Sempre que leio no Público as crónicas de David Marçal, vejo ali um cruzado da Ciência, um paladino da racionalidade contra as hordas de bárbaros negacionistas. No entanto, ao contrário do que prega, Frei Marçal não combate o obscurantismo com argumentos rigorosos nem com método científico, mas com enviesamento ideológico e um irritante pedantismo que roça a arrogância e a boçalidade, temperado com um desdém dogmático que faz lembrar os inquisidores do Santo Ofício.

No seu texto de hoje, glosa sobre um surto de sarampo nos Estados Unidos, parafraseando, de forma acérrima, o lema trumpista. “Tornar o sarampo grande outra vez” – o título do artigo de opinião – serve de mote para David Marçal culpabilizar R.F.K. Jr. por tudo e um par de botas. De facto, encontra-se em curso um surto de sarampo em 12 jurisdições norte-americanas: Alasca, Califórnia, Flórida, Geórgia, Kentucky, Nova Jérsia, Novo México, Nova Iorque, Pensilvânia, Rhode Island, Texas e Washington. Houve já uma morte confirmada e outra em investigação. As mortes não são normais, independentemente de estatisticamente serem irrelevantes, mas estaremos perante algo incontrolável? Uma crise de saúde pública causada pelo simples facto de Trump e R.F.K. Jr. terem assumido o poder nos Estados Unidos há menos de dois meses?

Vejamos. O Centers for Disease Control and Prevention (CDC) – que mantém a mesmíssima abordagem e acompanhamento sobre os perigos do sarampo e sobre a vacinação – aponta este ano para 222 casos desde 1 de Janeiro até ontem, dos quais 38 resultaram em hospitalizações. Podemos ver isto em duas perspectivas. Em termos relativos, estes 222 casos nos Estados Unidos corresponderiam a 7 casos em Portugal, considerando a diferença populacional.

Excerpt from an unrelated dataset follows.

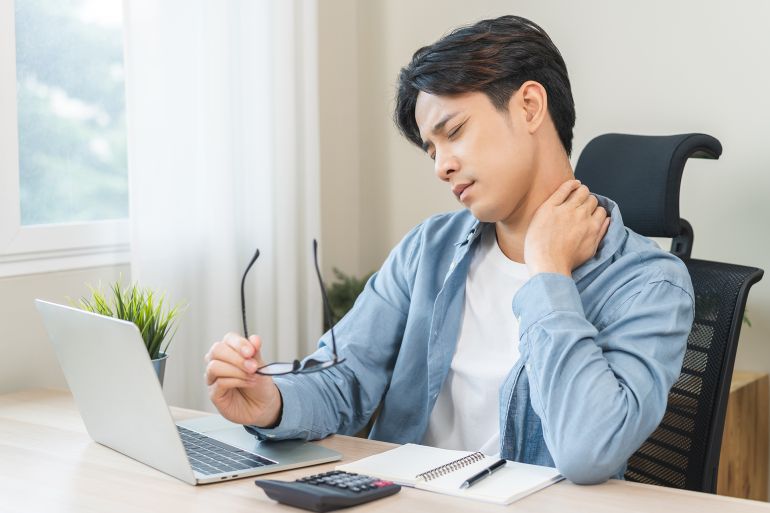 Body muscles stiff problem, ache asian young man pain neck and shoulder while sitting work on chair at home, male holding massaging rubbing, hurt or sore body. Healthcare people, office syndrome.; Shutterstock ID 2712527259; purchase_order: aj; job: ; client: ; other:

A nossa Direcção-Geral da Saúde não costuma revelar informação detalhada da monitorização de sarampo em Portugal, mas posso adiantar que, há um ano, entre 1 de Janeiro e 5 de Maio, tinham sido contabilizados 27 casos. Ajustando para a população das terras do Tio Sam, estes 27 casos nacionais equivalem a 860 casos nos Estados Unidos. Não me recordo de ter lido David Marçal a escrever sobre os surtos de sarampo em Portugal em 2024.

Além disso, convém referir que o sarampo é, cada vez mais – e em virtude também da vacinação –, uma doença benigna em países mais modernizadas, embora ainda longe de estar erradicada. E nos Estados Unidos, onde os diversos Governos estaduais têm um papel determinante, a ocorrência de surtos depende de muitos factores, sendo evidente que os mais vulneráveis são as pessoas não vacinadas. Se olharmos para o site do CDC, essa evidência é ali exposta para o ano de 2025, com R.F.K. Jr., tal como nos tempos de Biden e no primeiro mandato de Trump.

Aliás, é curioso reparar que o número de casos de sarampo este ano ainda é inferior aos de 2024 – e não é certo que seja ultrapassado – e muitíssimo inferior aos valores de 2014 (667 casos, no segundo mandato de Barack Obama) e de 2019 (1274 casos, no primeiro mandato de Trump). Convém referir que, tanto num período como no outro, o responsável máximo do National Institutes of Health (NIH) era Anthony Fauci. Parece-me que apenas estes simples dados desmontam, e estragam, o tão jeitoso título de David Marçal.

Casos de sarampo por ano nos Estados Unidos desde 2000. Fonte: CDC.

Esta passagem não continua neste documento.